The move announced Tuesday would give the Japanese retail tech provider a large portion of the point-of-sale market and an expansion of its on-demand offerings.
Toshiba TEC, a subsidiary of the larger Toshiba provider, holds 7 percent of the POS terminal market, according to figures from Reuters. The IBM portion Toshiba is purchasing holds the top spot in the worldwide POS terminal market with a 22-percent share.
The IBM retail division would give Toshiba a worldwide distribution and sales network beyond its Asian market presence. It also aims to address what Toshiba TEC CEO and President Mamoru Suzuki called the growth in the customer-facing sales market that has led to a “demand for multi-channel integration and enhancement of store back office management.” That includes more comprehensive services and support for retail offerings in the cloud, according to a news release on the deal.
The proposed deal also includes a multi-year agreement making Toshiba a “premier” partner for IBM’s Smarter Commerce software and services. Current Retail Store Solutions customers include Walmart and Toys “R” Us.
Citing a source familiar with the deal, Reuters and other outlets first reported the acquisition early Tuesday.

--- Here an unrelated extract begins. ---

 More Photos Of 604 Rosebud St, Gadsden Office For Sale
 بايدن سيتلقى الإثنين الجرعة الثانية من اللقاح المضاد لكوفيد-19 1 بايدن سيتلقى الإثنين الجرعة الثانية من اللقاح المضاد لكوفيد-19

The deal is subject to closing conditions and is expected to be finalized either late in the second quarter of 2012 or early in the third quarter, according to an IBM release. The deal involves the establishment of a new holding company in Japan, with Toshiba TEC acquiring 80.1 percent of its stake and IBM holding the difference until an eventual buyout from Toshiba. After the deal closes, IBM will continue to provide maintenance services to RSS clients under multi-year agreements.